Quantum Interference and electron transport in CVD graphene nanoribbon
Jyun-Hong Chen1, Shi-Xian Guan1, Yuan-Liang Zhong1*, Lain-Jong Li2, Chii-Dong Chen3
1Department of Physics and Center for Nanotechnology, Chung Yuan Christian University, Chung Li, Taiwan
2Materials Science and Engineering, King Abdullah University of Science and Technology (KAUST), Saudi Arabia
3Institute of Physics, Academia Sinica, Taipei, Taiwan
* presenting author:陳俊宏, email:zack7302@gmail.com
We study the quantum interference and electron transport in suspended graphene nanoribbon. The graphene is grown on copper by chemical vapor deposition (CVD), and then transfer to SiO2/Si substrate. The width of graphene nanoribbon is defined by e-beam lithography and oxygen plasma etching techniques.

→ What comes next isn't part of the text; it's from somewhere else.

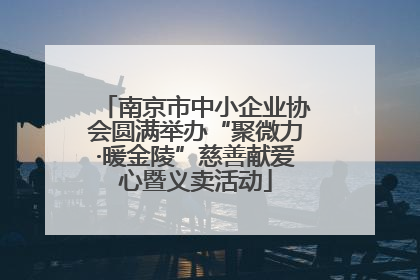 南京市中小企业协会圆满举办“聚微力·暖金陵”慈善献爱心暨义卖活动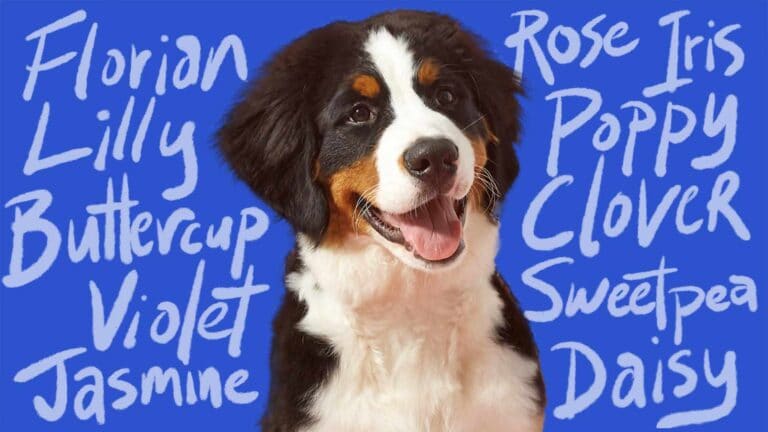 300 Unique Names for Hyper Dogs: A Creative and Compelling List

The wire width of graphene nanoribbon is from 50nm, 75nm and 245nm to 705nm for studying quantum interference and electron transport. The temperature dependence of resistivity is observed an enhance resistivity at low temperature, due to electron-electron interaction effect, with decreasing temperature. On the other hand, the weak localization and universal conductance fluctuations phenomenon are observed by measuring magnetoresistivity with the oscillation period e/h and e/2h. Furthermore, a single electron transport is observed in the smallest wire width 50nm.
Our results indicate electron transport in weak-disorder graphene nanoribbon from diffusion transport, or ballistic transport to single electron transport with decreasing wire width.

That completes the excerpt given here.